Below are some of the most common taxes in Washington State:
Business and Occupation Tax
Instead of income tax, Washington charges Business and Occupation (B&O) Tax on all a business’s revenue exceeding $35,000. There are four main classifications for B&O Tax which influence the rate and way in which it’s applied:
- Retailing B&O Tax: This is a flat tax rate of 0.471% applied to businesses involved in the sale or rentals of goods and certain services to customers. It must generally be collected on all sales unless there's a specific exemption.
- Wholesaling B&O Tax: A flat tax rate of 0.484% imposed on the sales of goods and certain services to an individual or entity who will resell them, such as packaging supplies. Buyers are required to provide you with a reseller permit before you can sell to them.
- Manufacturing B&O Tax: A tax rate of 0.484% applied to businesses manufacturing products in Washington, whether for sale or their own use. If your business also sells the products it makes, it will need to pay this tax in addition to Wholesaling/Retailing B&O Taxes.

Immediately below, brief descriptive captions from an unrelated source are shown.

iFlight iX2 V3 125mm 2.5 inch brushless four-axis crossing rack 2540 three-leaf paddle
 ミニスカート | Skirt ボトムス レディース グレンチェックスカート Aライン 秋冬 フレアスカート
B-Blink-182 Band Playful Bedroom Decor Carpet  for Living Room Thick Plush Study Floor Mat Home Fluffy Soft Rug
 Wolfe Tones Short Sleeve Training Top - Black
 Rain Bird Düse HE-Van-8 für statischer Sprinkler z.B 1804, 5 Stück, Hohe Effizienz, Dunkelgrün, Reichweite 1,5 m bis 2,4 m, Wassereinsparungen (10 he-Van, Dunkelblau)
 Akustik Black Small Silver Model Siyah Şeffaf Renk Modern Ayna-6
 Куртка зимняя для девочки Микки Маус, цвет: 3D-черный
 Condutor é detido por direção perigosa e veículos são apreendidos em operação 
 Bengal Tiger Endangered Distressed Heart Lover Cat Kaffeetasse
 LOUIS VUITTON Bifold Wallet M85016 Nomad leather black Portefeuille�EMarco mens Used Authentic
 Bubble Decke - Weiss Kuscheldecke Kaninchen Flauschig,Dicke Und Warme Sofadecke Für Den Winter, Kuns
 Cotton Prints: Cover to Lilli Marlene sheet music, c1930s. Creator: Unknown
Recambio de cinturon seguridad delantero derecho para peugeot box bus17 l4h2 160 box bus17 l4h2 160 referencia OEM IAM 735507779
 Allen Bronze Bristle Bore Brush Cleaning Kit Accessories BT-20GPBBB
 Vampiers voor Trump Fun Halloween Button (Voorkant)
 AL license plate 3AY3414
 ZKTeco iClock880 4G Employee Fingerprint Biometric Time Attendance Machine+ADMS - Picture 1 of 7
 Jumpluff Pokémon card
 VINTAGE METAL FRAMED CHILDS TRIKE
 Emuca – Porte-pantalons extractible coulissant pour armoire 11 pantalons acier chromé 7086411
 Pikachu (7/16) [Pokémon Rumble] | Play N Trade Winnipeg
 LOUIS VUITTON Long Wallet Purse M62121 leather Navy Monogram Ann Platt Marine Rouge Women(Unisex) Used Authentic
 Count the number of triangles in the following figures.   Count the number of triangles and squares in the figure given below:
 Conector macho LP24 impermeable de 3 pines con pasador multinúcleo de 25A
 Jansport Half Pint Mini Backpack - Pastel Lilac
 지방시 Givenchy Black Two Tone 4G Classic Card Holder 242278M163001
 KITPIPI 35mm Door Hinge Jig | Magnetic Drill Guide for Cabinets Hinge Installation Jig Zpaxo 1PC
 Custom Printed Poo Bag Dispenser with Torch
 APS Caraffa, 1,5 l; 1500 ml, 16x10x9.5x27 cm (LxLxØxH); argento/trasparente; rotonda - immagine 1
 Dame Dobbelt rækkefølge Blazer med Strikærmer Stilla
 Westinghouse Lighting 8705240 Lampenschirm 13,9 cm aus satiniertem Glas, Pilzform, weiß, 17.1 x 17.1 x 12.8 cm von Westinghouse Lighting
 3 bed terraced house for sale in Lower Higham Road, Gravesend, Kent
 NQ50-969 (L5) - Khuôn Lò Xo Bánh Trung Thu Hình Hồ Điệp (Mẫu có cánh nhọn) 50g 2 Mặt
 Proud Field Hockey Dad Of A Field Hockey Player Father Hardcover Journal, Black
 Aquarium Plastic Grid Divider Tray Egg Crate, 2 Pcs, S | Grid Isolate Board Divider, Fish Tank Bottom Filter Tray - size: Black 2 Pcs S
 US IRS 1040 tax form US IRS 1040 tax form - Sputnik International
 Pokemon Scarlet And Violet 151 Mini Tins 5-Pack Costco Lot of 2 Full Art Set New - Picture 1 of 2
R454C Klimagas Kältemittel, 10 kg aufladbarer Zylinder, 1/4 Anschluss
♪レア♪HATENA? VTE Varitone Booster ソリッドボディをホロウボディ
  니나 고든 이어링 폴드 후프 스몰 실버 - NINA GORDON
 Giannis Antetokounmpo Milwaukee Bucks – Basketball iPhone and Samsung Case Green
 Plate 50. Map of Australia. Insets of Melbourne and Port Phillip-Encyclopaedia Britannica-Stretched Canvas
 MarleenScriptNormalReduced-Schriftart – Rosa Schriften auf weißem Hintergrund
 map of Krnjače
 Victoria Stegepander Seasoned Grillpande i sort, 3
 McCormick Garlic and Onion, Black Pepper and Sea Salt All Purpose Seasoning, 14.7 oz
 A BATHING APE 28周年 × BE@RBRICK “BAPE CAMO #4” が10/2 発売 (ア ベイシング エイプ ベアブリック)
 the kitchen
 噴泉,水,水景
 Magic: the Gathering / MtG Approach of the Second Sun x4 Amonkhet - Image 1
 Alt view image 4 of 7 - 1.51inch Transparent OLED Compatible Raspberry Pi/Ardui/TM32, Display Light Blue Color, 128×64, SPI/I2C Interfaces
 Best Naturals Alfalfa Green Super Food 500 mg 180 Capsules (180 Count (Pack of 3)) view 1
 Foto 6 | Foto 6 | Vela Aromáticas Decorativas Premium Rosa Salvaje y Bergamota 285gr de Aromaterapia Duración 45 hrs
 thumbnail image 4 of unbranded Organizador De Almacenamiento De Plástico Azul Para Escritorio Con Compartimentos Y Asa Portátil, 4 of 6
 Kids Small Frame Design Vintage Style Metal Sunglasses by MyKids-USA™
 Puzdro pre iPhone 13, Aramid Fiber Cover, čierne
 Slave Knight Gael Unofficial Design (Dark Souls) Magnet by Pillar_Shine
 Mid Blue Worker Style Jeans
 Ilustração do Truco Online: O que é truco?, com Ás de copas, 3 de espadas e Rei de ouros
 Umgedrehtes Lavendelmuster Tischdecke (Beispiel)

- Service and Other Activities B&O Tax: This tax is levied at a rate of 1.5% on the income of businesses providing professional or personal services, such as offering notary services, internet access, or computer usage. This income is exempt from sales tax.
After registering with the Department of Revenue, your LLC should be provided with more detailed instructions on how to file your B&O tax return through the My DOR system.
Sales and Use Taxes
Sales and use taxes are a percentage added to the price of tangible goods and most services bought and used within the state. In Washington State, this is levied at a flat general rate of 6.50%, though local jurisdictions are also able to impose up to 4.10% in additional sales tax, with the average total sales tax rate being 8.86%.
Sales and use tax is paid online through the Washington State Department of Revenue’s My DOR platform, often on a monthly basis by the 25th of each month.
Note: If your LLC needs to collect sales/use tax, it will first need to register with the Washington Department of Revenue (DOR) and obtain a state business license by following the DOR’s instructions.